A few days later, we stood out on the back side of the house, where I park my truck, just talking. He said something about how nice it would be to get those flower beds cleaned up around the house. And mulched. He knew people who would do it for a reasonable price, he claimed. Sure, I said. And while they’re at it, I need to get the branches trimmed on this big old pine tree. They hang down so low, they scrape my truck every time I drive out. And this old brush pile, I said, pointing to where the garden used to be. It’s pretty ugly. I need someone to clean it all up. “It shouldn’t be a problem,” he replied. Get me some idea of what it’ll cost, I told him. And a few days later he came back with a quote so reasonable that I figured he’d done some arm twisting somewhere. Bring them on, I said. Get’em started any time. “They’ll be here Saturday,” he replied.

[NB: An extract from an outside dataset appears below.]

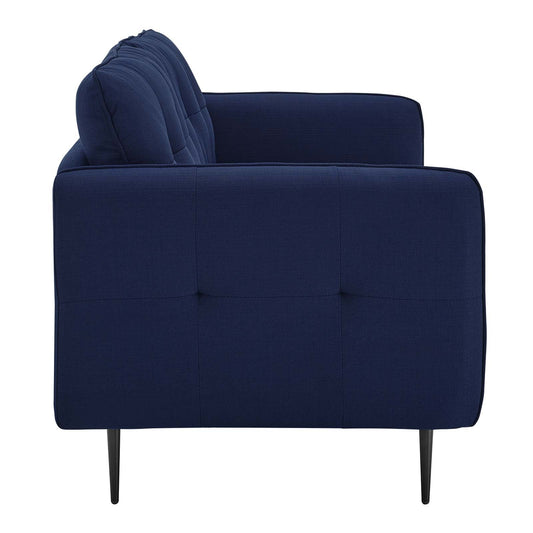 Cameron Tufted Fabric Sofa by Modway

And the neighbors must have gaped some more, as his friends converged on the place. The painters came and power-washed the old paint on the porch. Then they left and came back and started painting. By hand. The floor a light gray. White pillars and railings. And the classic sky blue on the ceiling. They puttered about when they could fit it in, a few hours here, a few hours there. Which I didn’t mind at all. And the next Saturday morning, as I left to run some errands, two more of his buddies had parked their truck and trailer and were cleaning up the brush pile. I was in and out a few times. They plugged away. And I left that afternoon again, for a few hours. I returned later, around six or so. Pulled into my drive. And I looked out to the garage and just stared.

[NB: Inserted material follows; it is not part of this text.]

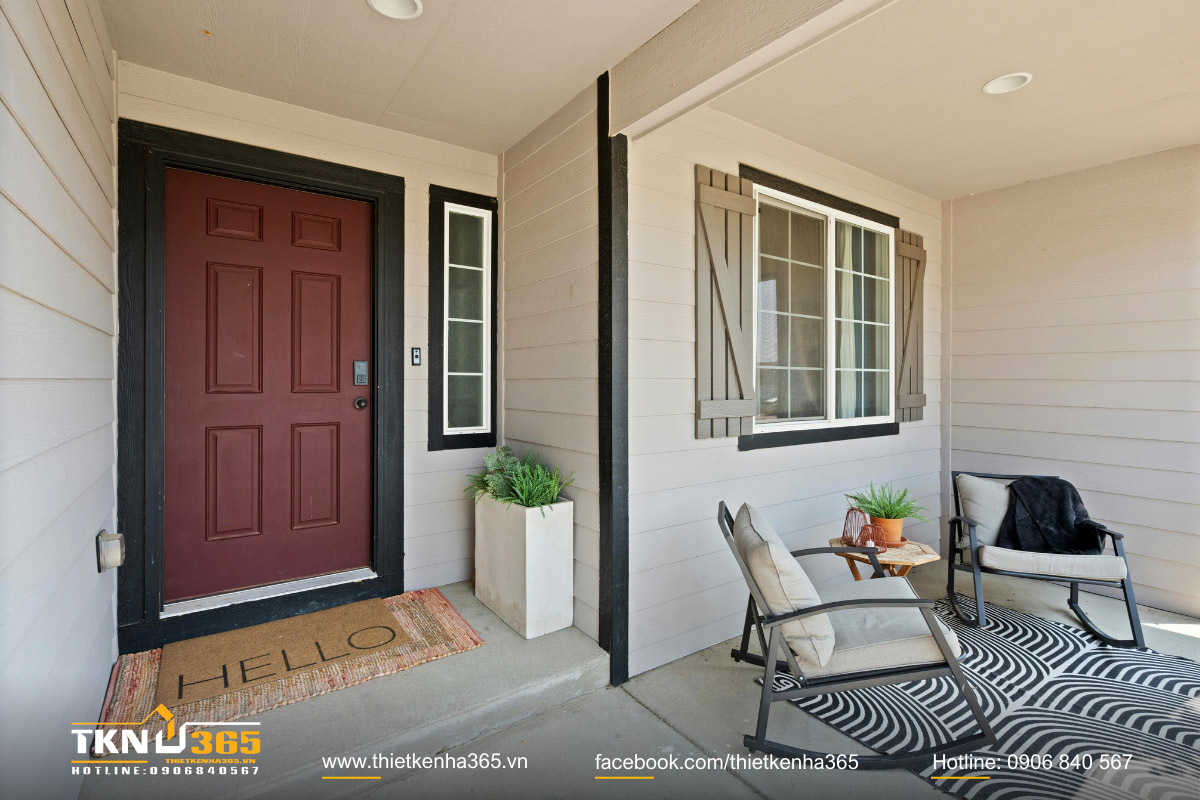 Mệnh Thổ hợp hướng nào 6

The brush pile had been removed completely. The weeds whacked down. The shrub tree had been trimmed back. All the crawly vines removed. And there in plain sight for the first time since Ellen left, the little white angel stood, exposed to all the world. It stood, wings folded, frozen in prayer. And it took my breath away.

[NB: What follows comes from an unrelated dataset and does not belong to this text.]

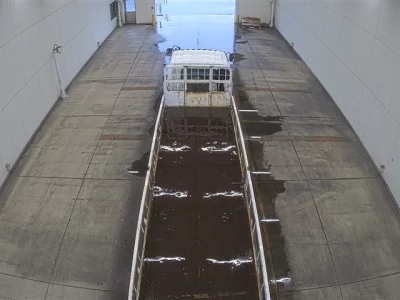 Mitsubishi FUSO FIGHTER  с аукциона в Японии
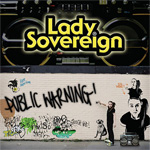 Lady Sovereign/『PUBLIC WARNING』『VERTICALLY CHALLENGED』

I stood there and absorbed the setting. And a few minutes later, the tenant came strolling by. We stood around and talked, and I told him the story of the angel. What was going on back in those dark days when I bought it. How I had set it there, right where it stood. And how it had remained there, hidden, since almost the day I brought it home. Of all the things that you made happen here, this one is the most important, I told him. That angel symbolizes a lot of things. Believe me. A lot of things. And I told him something more. Thank you. Thank you for stepping in and getting this stuff done. You have been nothing but a blessing to me from the day you walked through my door. He smiled his quiet smile and beamed.

The stone angel stands now, looking to the south, lifting its tiny hands as if praying a shield of protection over my home. It stands there, right where I placed it when I bought it. Right where it has always stood for six years, covered by leaves and brambles and vines and weeds. For most of those years, you just couldn’t see it, because it was too much of a reminder of all that hard stuff from the past.

The thing is, I’m not sure when I ever would have dredged up the courage or the energy to uncover that angel, had the right person not showed up to nudge me through that door and get it done. And you see it, when it happens in real life, you see a path to freedom you could not find before on your own. It took a flawed man with a broken past, it took such a man to wander through and stop in for a while. And he didn’t even realize what all was going on, but he’s the one who made the little stone angel now stand as it was always meant to stand. In the open, and freely visible to all who pass by.

I’m just grateful that he showed up. And that he got here right on time.